▶ [What is being asked] Nothing but the text belongs in the answer: the listing below, copied exactly, without pictures.

▶ [Data section]

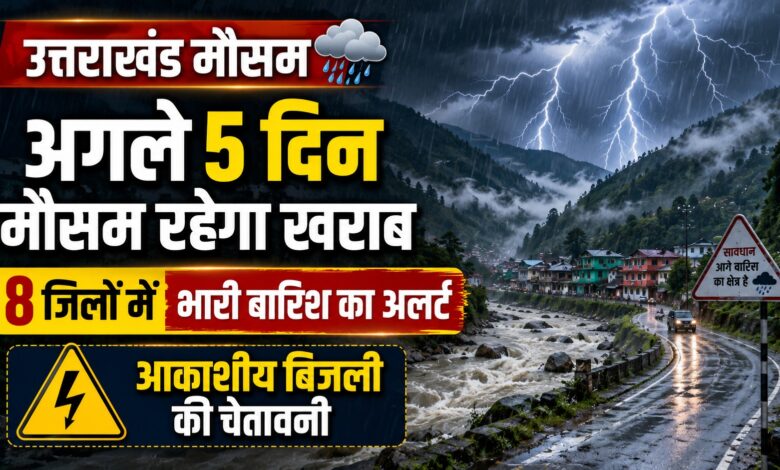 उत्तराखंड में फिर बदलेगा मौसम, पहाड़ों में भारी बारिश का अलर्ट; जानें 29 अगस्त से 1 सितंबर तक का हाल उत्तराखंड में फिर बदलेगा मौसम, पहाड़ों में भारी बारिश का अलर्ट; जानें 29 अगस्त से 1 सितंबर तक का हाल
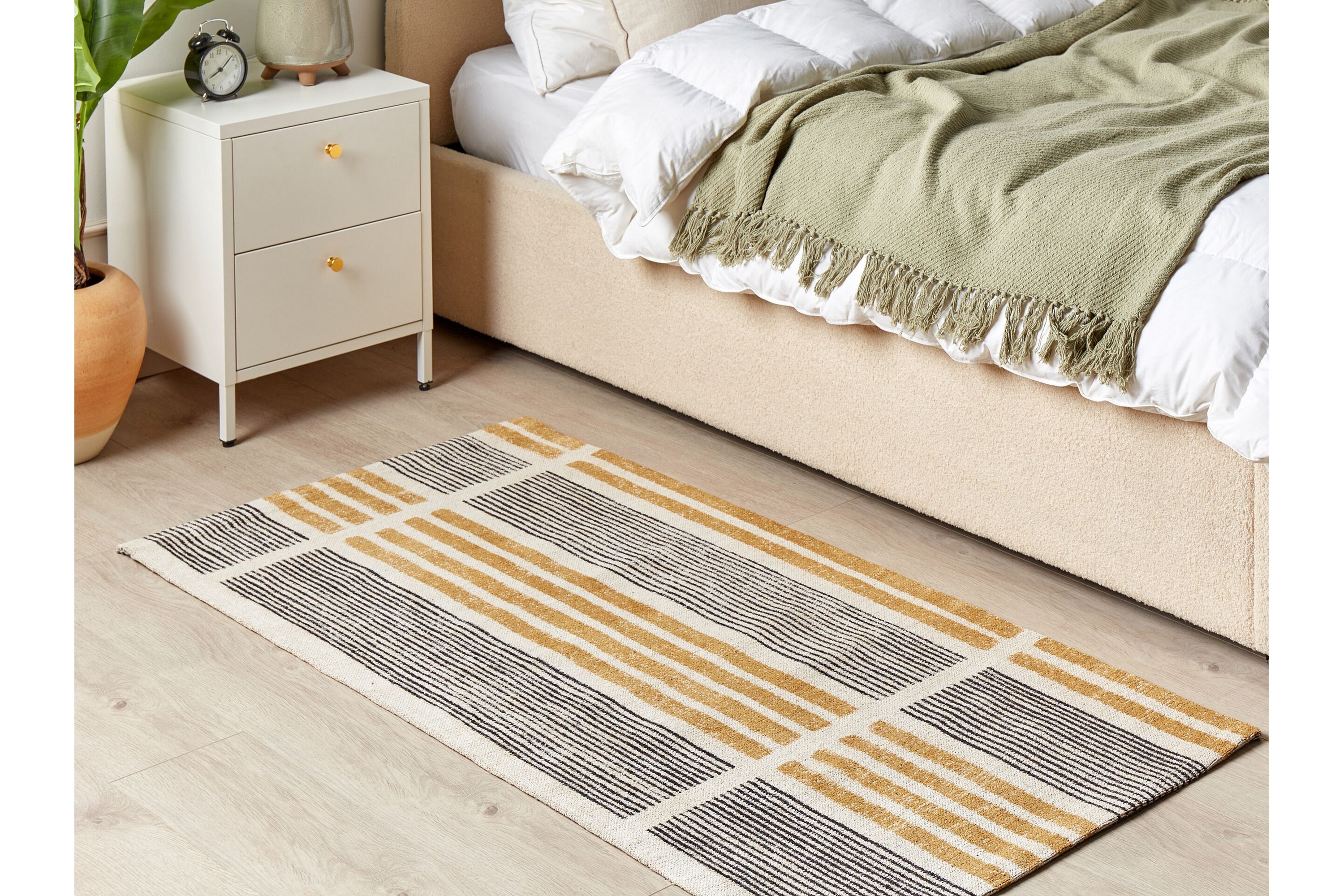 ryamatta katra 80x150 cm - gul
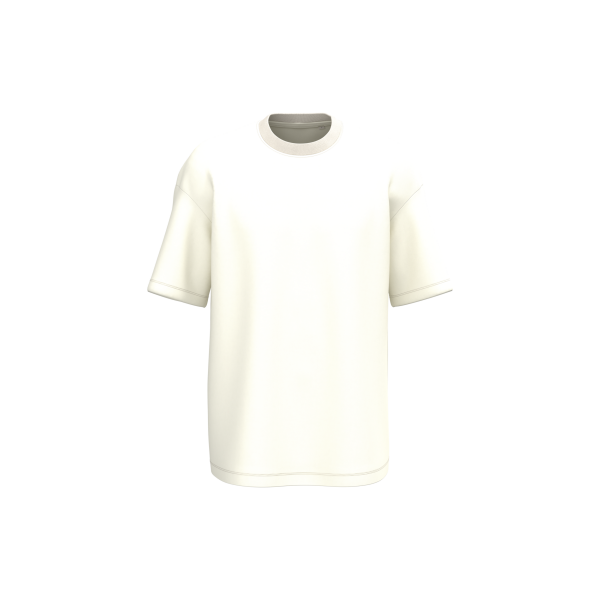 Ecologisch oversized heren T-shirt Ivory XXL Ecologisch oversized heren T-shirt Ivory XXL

▶ [Answer]
 उत्तराखंड में फिर बदलेगा मौसम, पहाड़ों में भारी बारिश का अलर्ट; जानें 29 अगस्त से 1 सितंबर तक का हाल उत्तराखंड में फिर बदलेगा मौसम, पहाड़ों में भारी बारिश का अलर्ट; जानें 29 अगस्त से 1 सितंबर तक का हाल
 ryamatta katra 80x150 cm - gul
 Ecologisch oversized heren T-shirt Ivory XXL Ecologisch oversized heren T-shirt Ivory XXL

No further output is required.